Keepers_Keeper said:


> 2019 playoffs in San Diego.


That's interesting given that Surf supposedly has a long term relationship with US Soccer to use the Polo and Oceanside fields....am I misunderstanding that? Maybe GDA playoffs will be in another part of the country this time next year?

Of course, there are probably other fields that can accommodate? Would be great for college coaches to have both ECNL and GDA playoffs in the same county... I just don't know enough about the pitch situation in SD.


----------



## LadiesMan217

GoWest said:


> That's interesting given that Surf supposedly has a long term relationship with US Soccer to use the Polo and Oceanside fields....am I misunderstanding that? Maybe GDA playoffs will be in another part of the country this time next year?
> 
> Of course, there are probably other fields that can accommodate? Would be great for college coaches to have both ECNL and GDA playoffs in the same county... I just don't know enough about the pitch situation in SD.

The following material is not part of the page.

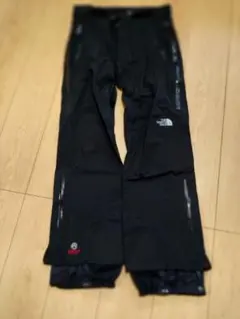 定価5万超えノースフェイス ゴアテックス　サミット　防水撥水スキースノボーパンツのサムネイル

ECNL to my knowledge has only released showcase event locations for next year. DA will be in San Diego for 2019.


----------



## soccer dude

Can someone explain to me why we have the playoffs in Seattle when California teams dominates the ECNL circuit?  Why don't we get home court advantage?  I count more than half of the semi-final games containing california teams.  U16 alone has 3/4 california teams in the semis.  I just think that these playoffs should favor the top teams.  I mean isn't that how college sports work???  Seattle was beautiful but very costly especially when I hear DA is right down the street at Oceanside.


----------



## davin

soccer dude said:


> Can someone explain to me why we have the playoffs in Seattle when California teams dominates the ECNL circuit?  Why don't we get home court advantage?  I count more than half of the semi-final games containing california teams.  U16 alone has 3/4 california teams in the semis.  I just think that these playoffs should favor the top teams.  I mean isn't that how college sports work???  Seattle was beautiful but very costly especially when I hear DA is right down the street at Oceanside.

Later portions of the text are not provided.